Abstract
The increasing number of authors and consequent publications in computer science can cause some pitfalls, such as understanding the use and fairness of quality indicators for assessing research. In this preliminary work, we aim to examine whether there is a correlation between the citation count and the number of authors contributing to a paper as well as their academic ages. Additionally, we shed light on highly cited papers and compare their authors. For this purpose, we investigate authors’ characteristics by conducting data analyses based on a dataset of four prestigious software-engineering-related conferences comprising 5,143 papers and their authors. Our results indicate that the number of authors does not connect to the citation count, but the current academic age of the authors does. We also found that 98% of the highly cited main-track papers had a contribution from at least one senior researcher, whereas none of these papers was written by a junior researcher alone. These first results are a step towards more in-depth research concerning the fair evaluation of computer-science researchers—specifically regarding juniors and their inclusion.

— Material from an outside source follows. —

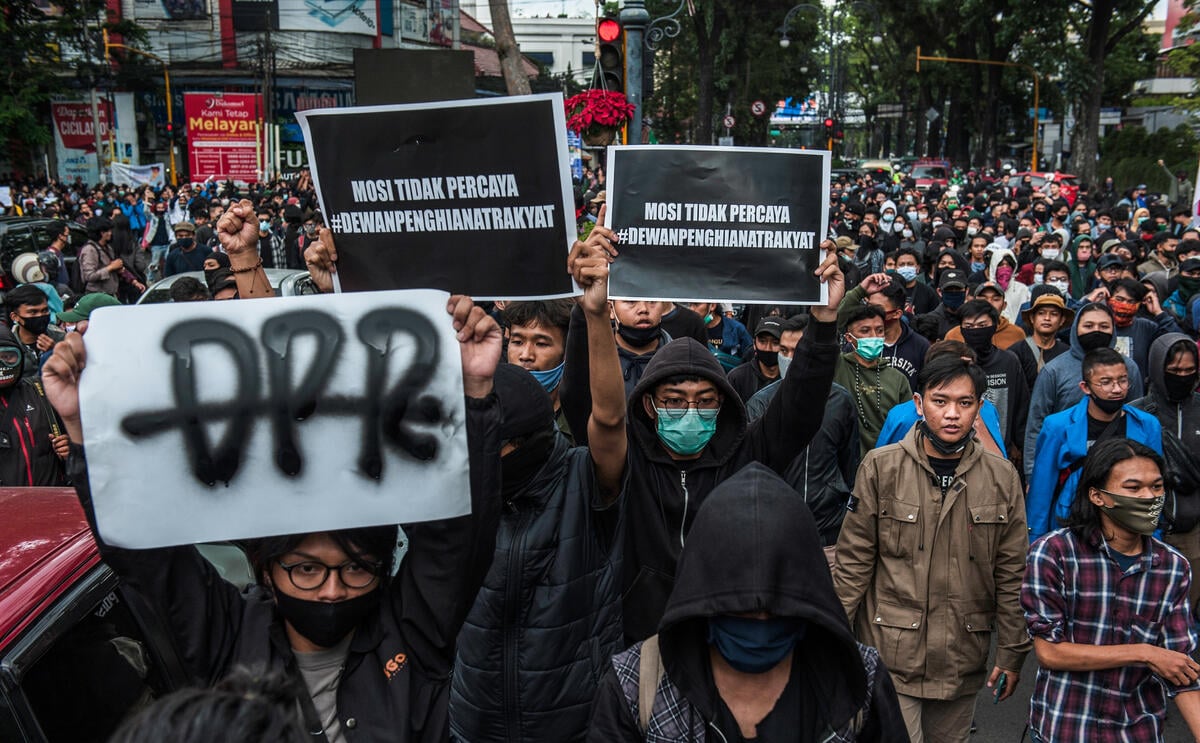 Dari Jogja hingga Jakarta, Cerita Mahasiswa yang menolak UU Cipta Kerja
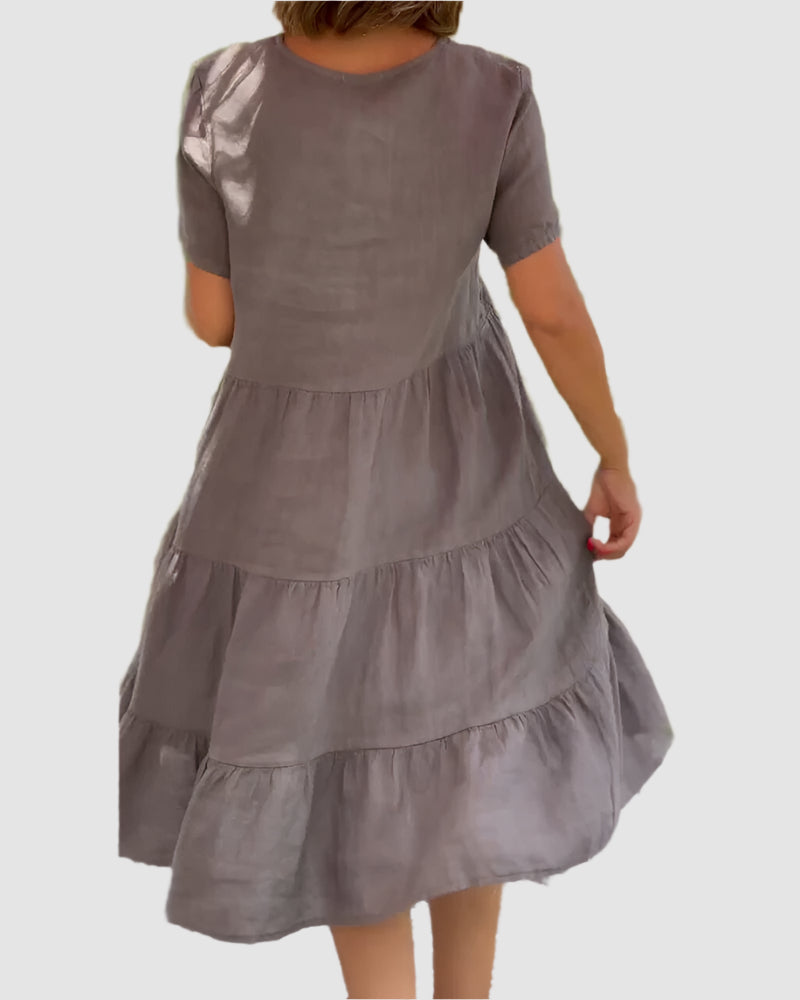 Essenz Elodie Cotton Linen Shift Dress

Access provided by Autonomous University of Puebla. Download conference paper PDF
Similar content being viewed by others
Keywords
1 Introduction
In recent years, computer science has undergone rapid evolution, with a notable shift from solitary to collaborative efforts [5, 7, 10]. Working in teams is generally thought of as a way to benefit from the experiences of researchers from different disciplines, thereby improving knowledge sharing and easing access to resources [6, 15, 19]. However, the growing trend of scientific collaboration has also raised concerns regarding research assessments. While researchers are increasingly working in teams to publish papers, there is often a lack of transparency regarding their individual contributions, which challenges a fair evaluation. Some journals require disclosure of each researcher’s unique contributions, but there is currently no standardized framework to precisely measure and assess the contributions of individual authors [22].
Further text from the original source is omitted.